Neil - Most Swiss campsites worth their salt will have a website so that you can view their rates. Get the site names from the nearest town tourist office website and go from there. Sites in the more popular areas of Switzerland such as Interlaken tend to extend their high season until mid September.


----------



## Rapide561

*Switzerland*

Hi

I agree with Roy - use ACSI where you can.

Also, for searching, do not use Google.co.uk but instead use www.google.ch - as you are then using the Swiss Google, the search results are better. Just seach for "camping Lucerne" etc - you will get a lot more relevant info using the local Google rather than our own version.

Russell


----------



## ThursdaysChild

As has been noted, the Interlaken and Berner Oberland area remain popular and in demand long after the kiddiewinks have gone home.
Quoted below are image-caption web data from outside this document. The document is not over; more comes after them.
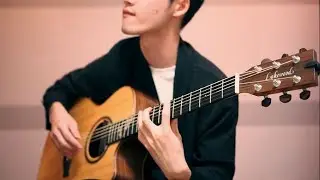 Homura (炎) - LiSA (鬼滅の刃 Kimetsu no Yaiba the Movie) | Fingerstyle guitar cover by Saehun Kim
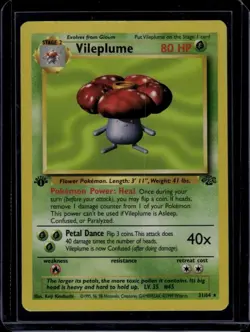 Vileplume (31) #31/64 1st Edition Jungle Pokemon - Image 1
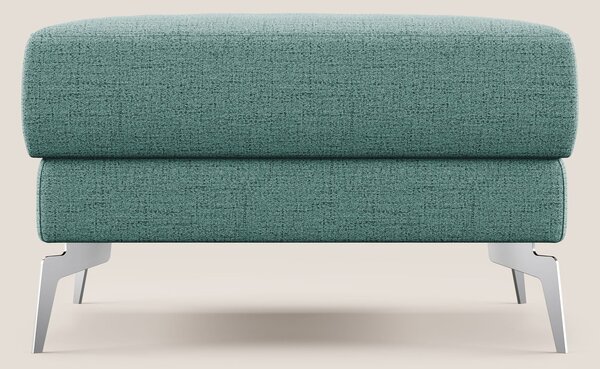 Star Pouf con piedini alti in tessuto impermeabile fiammato T03 verde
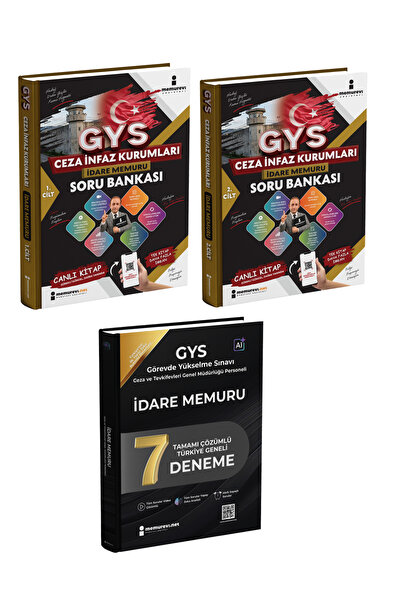 Memurevi Yayınları CTE 2027 İdare Memurluğu 2 Cilt Akıllı ve Canlı Soru Banka...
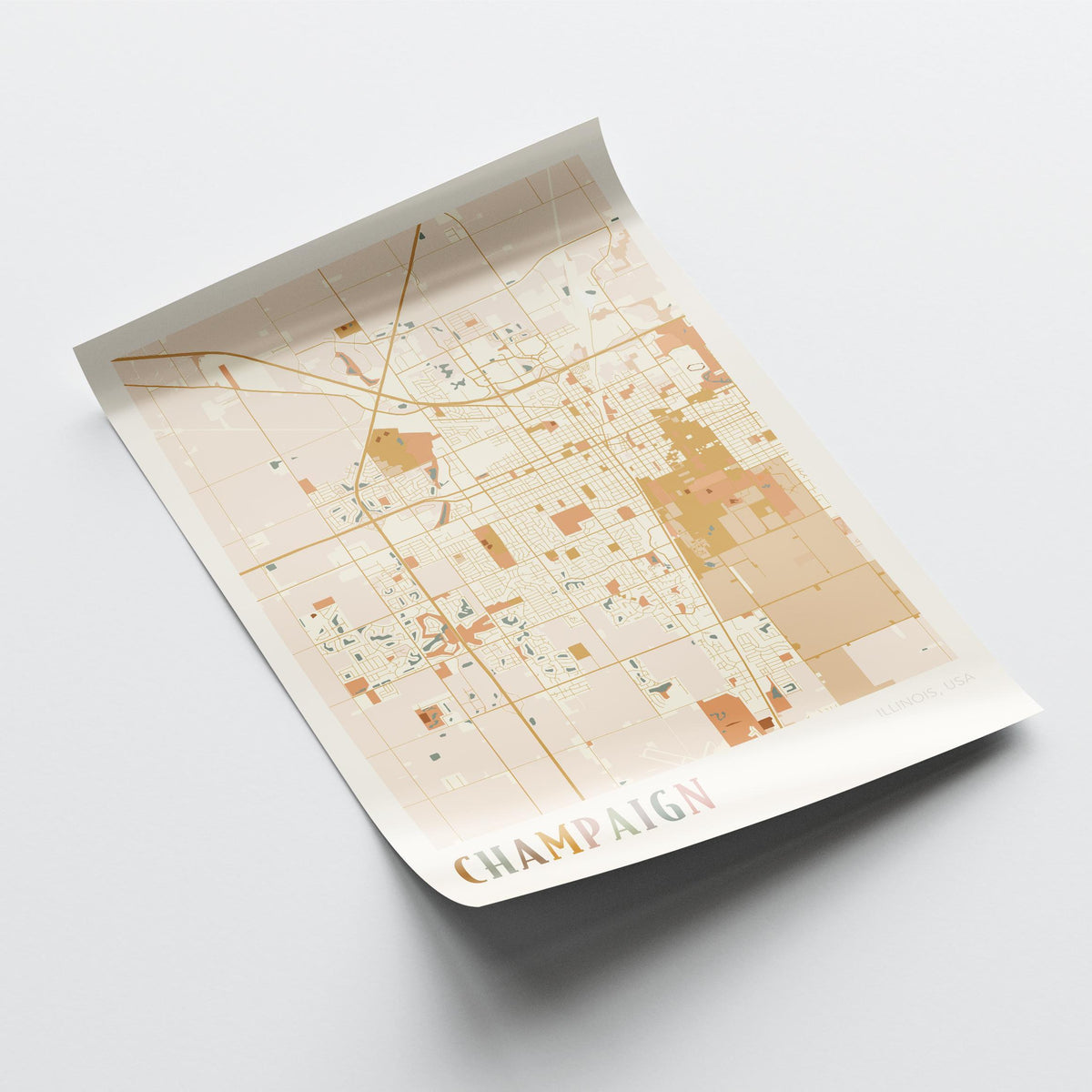 champaign, illinois map poster - image 4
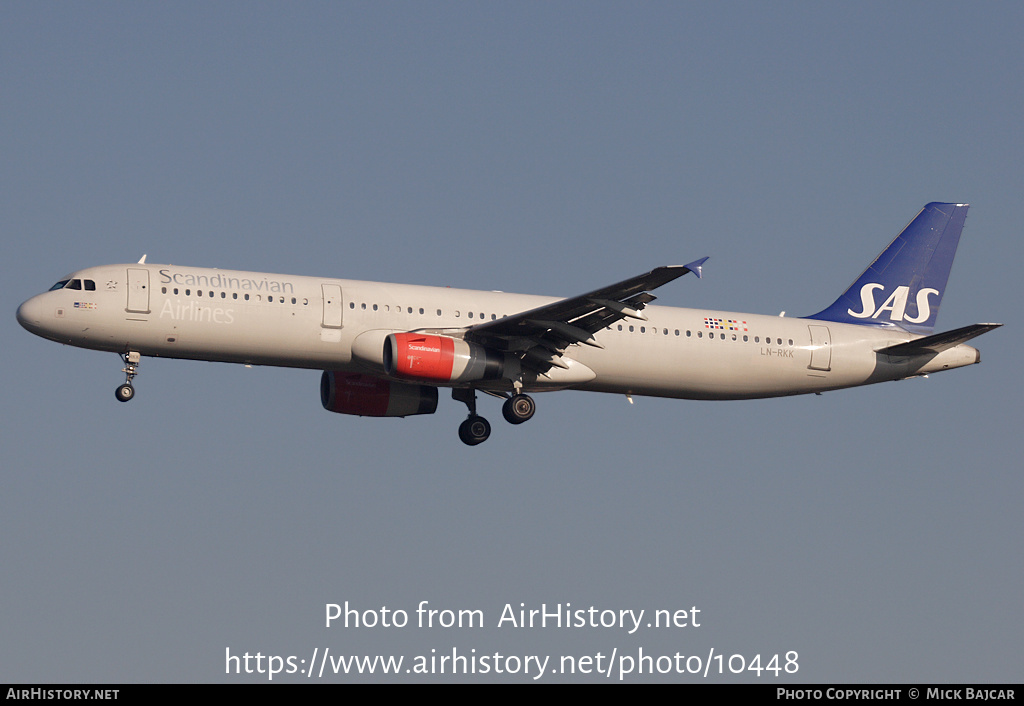 Aircraft Photo of LN-RKK | Airbus A321-232 | Scandinavian Airlines - SAS | AirHistory.net #10448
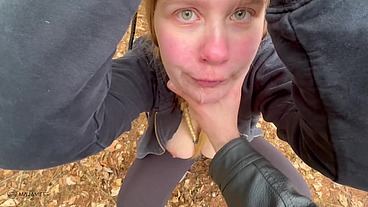Sex date in the forest - tied up and fucked!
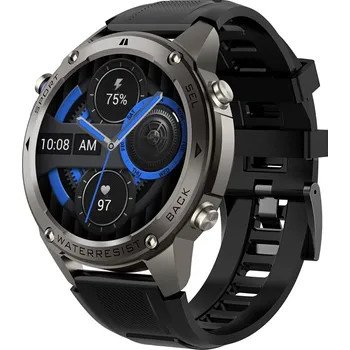 Chytré hodinky Smoot Trail Černá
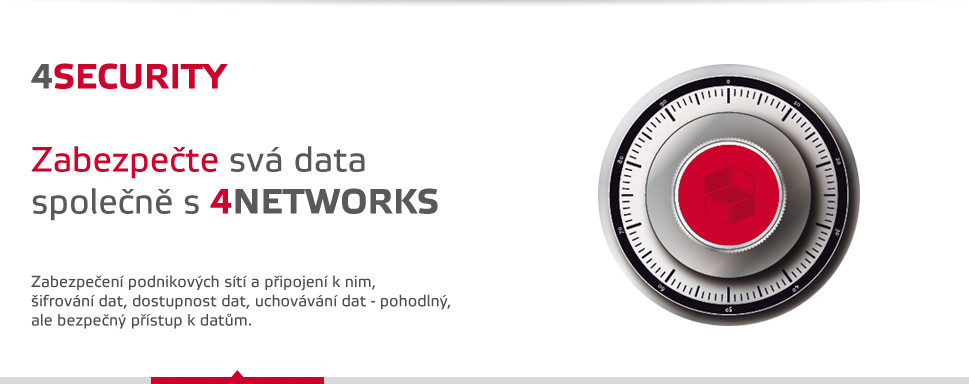 Zabezpečte svá data společně s 4networks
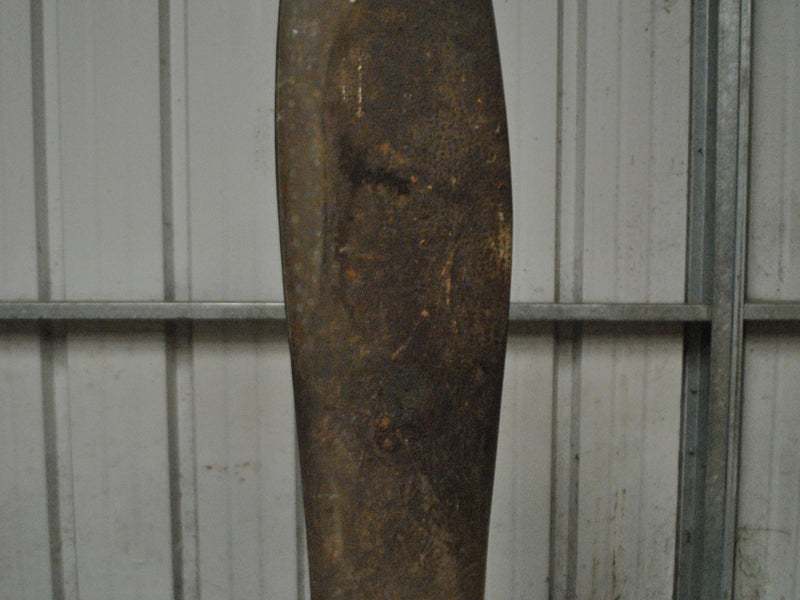 Half a Wooden Propeller with Brass Plates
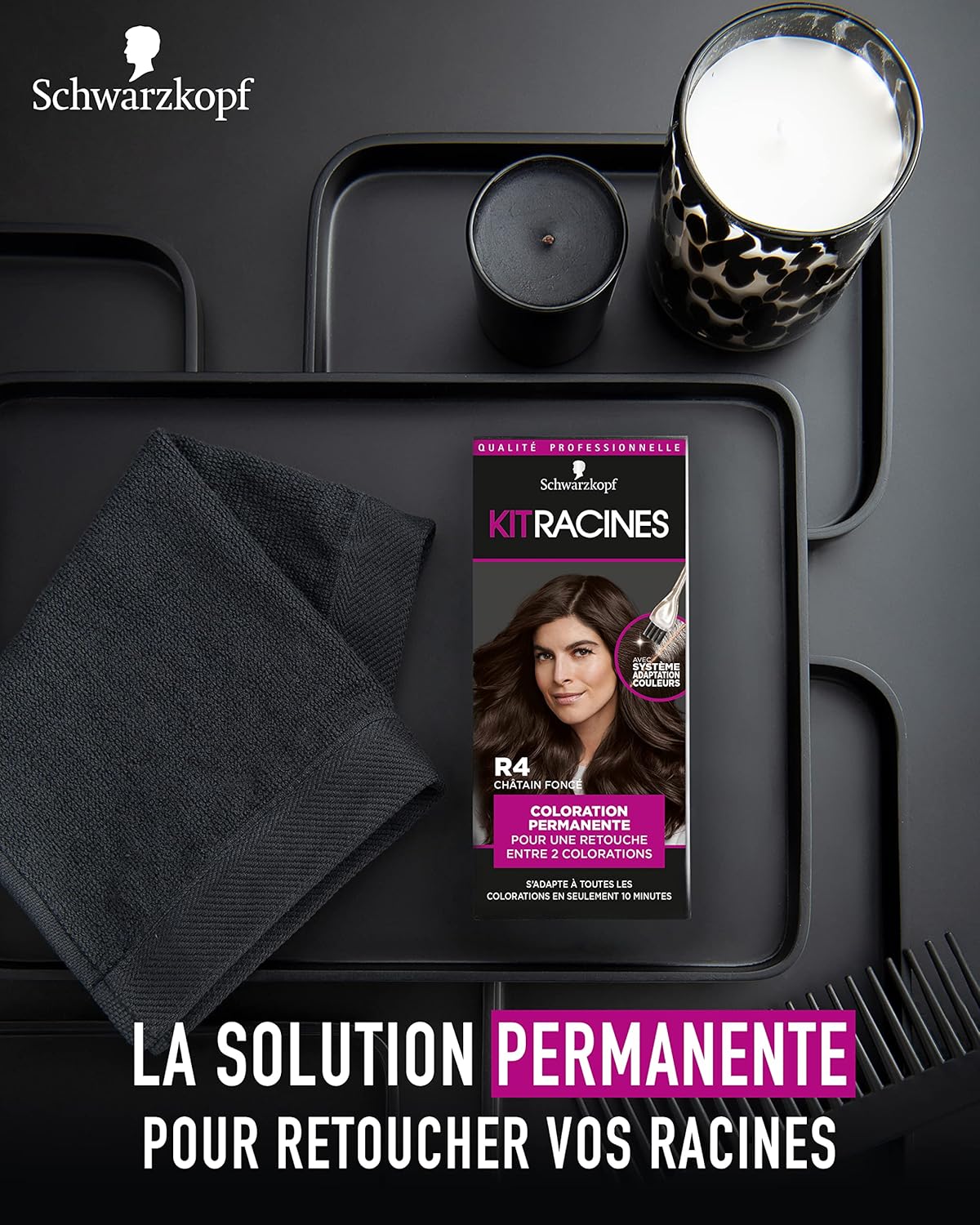 Schwarzkopf - Kit Racines - soin nourrissant - couverture blanche - R4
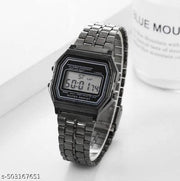 Sports Waterproof Watch for Men Boys with Backlight Alarm Snooze Stopwatch Analog Watch - For Boys Digital Black Round Waterproof Gym Fitness Freek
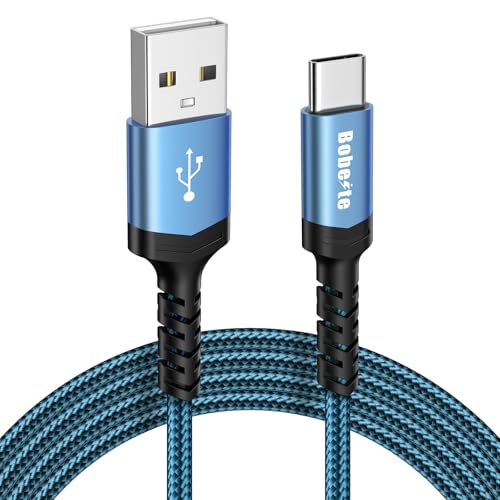 Bobeite USB C Kabel 2M Ladekabel USB C 3A Fast Charge Schnellladekabel QC 3.0 USB Typ C Kabel für Samsung Galaxy S25 S24 S23 S22 Ultra S21 S20 S10 Plus, A55 A71 A53 A52 A33 A34 A20e A20 A14 A13 von Bobeite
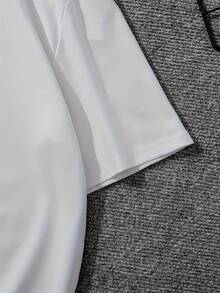 Camiseta estampada de moda para hombres PW4S - Blanco - Ver 4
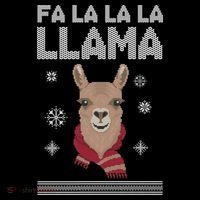 Fa La La La Llama Ugly Christmas Sweater Bucket Hat thumb 4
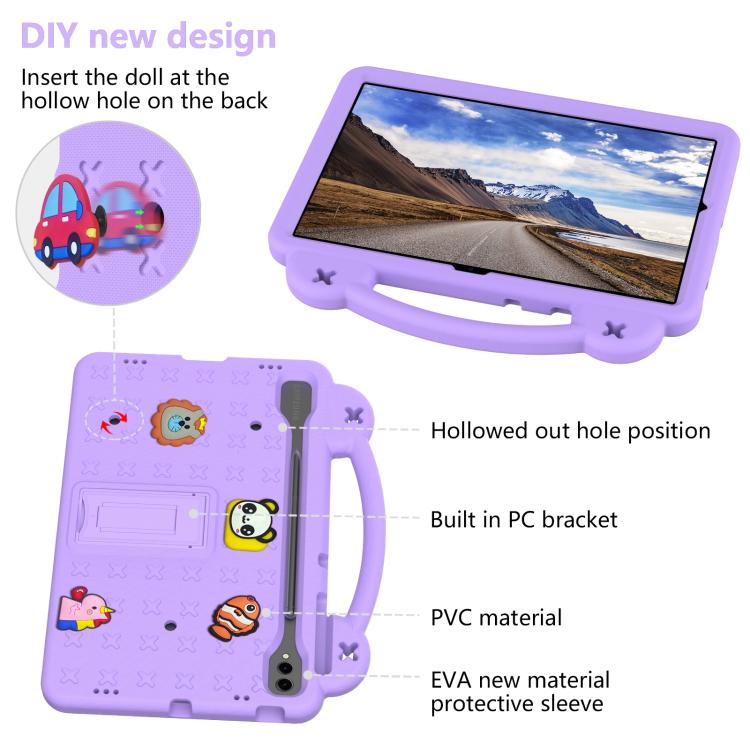 For Samsung Galaxy Tab S10 FE+ Handle Kickstand Children EVA Shockproof Tablet Case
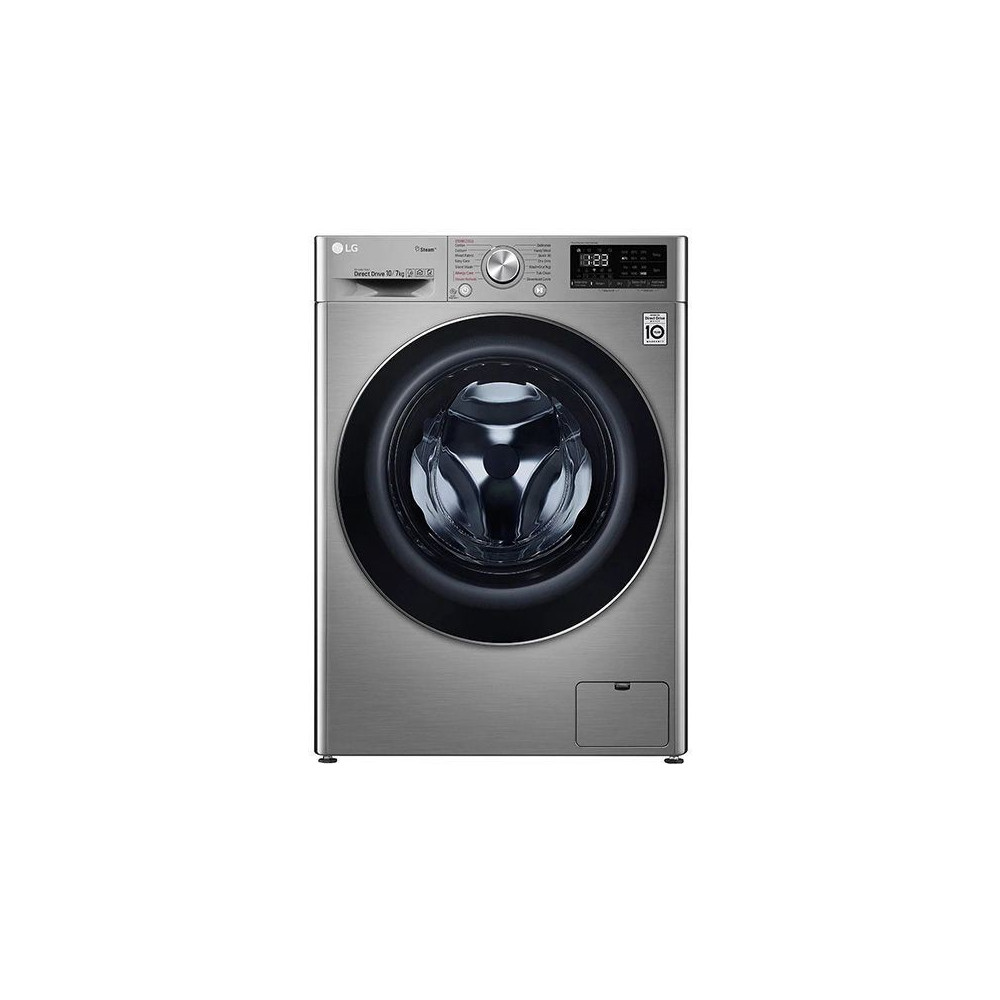 LG Washer & Dryer, 10/7 Kg, Bigger Capacity, AI DD, Steam, ThinQ, F4V5RGP2T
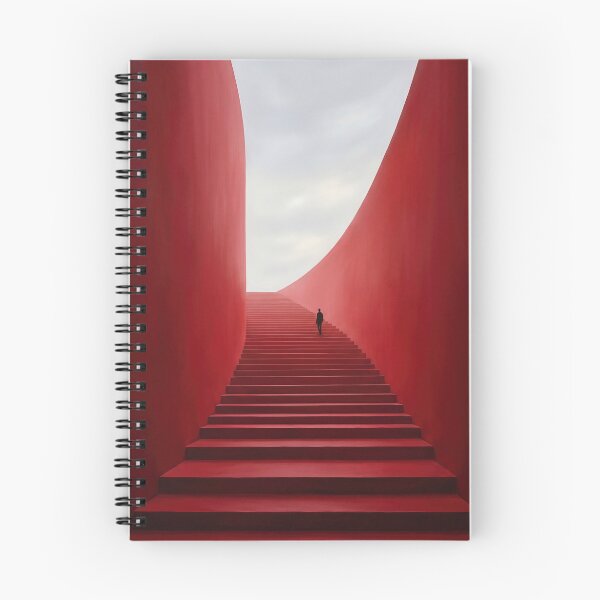Item preview, Red Staircase Rising designed and sold by yagiyeti.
That's when the more mature folk go on holiday and when there are still rich pickings to be had.
If you choose the Rhone Valley route from say Brig or Chur down to Martigny, you will be more likely to get off-peak bargains. The sites won't be so glitzy, but the scenery is still breathtaking.


----------



## homenaway

Hi,
we visited Switzerland a couple of years ago in June and found several ACSI discount sites some at €11 usually with additional hefty tourist and waste disposal taxes   so in September there may be some discounts available. Some TCS (Touring Club of Switzerland) campsites have service aires at their entrances but usually not much parking space.

Some Swiss campsites are not all that attractive being mostly statics - old caravans with homebuilt extensions with only a few touring pitches. Our favourite sites were a CL type one at Weggis near Lake Luzern lthat Barryd recently stayed at (I think) and Attermentzen, a touring site near Zermatt and the Matterhorn.

We also found a few aires which were free or a few SFr's and have listed the places we stayed at (or visited) on our website here:

Swiss campsites and aires

We also stayed at a few unofficial overnight parking places without problems.

Steve


----------



## neilanddot

Thank you all so much for your advice, it will give us something to work on. However the latest in the saga is that our lovely 12 year old travelling companion, Chester (Collie/Springer) has developed what seems to be either a stroke or Vestibular syndrome, vet hopefully will clarify 2moro. So the whole trip may have to be re assessed. Neil


----------



## Sideways86

I do hope your canine friend is OK

We have just come back from Interlaken and stayed at Lazy Rancho booked through CC and was reasonable price with immaculate facilities, ten mins stroll from Interlaken town itself.

Very nice place we are already planning going back next year it was so good

They have their own website also and you will find Stephen and his family most helpfull and accomodating

Regards


----------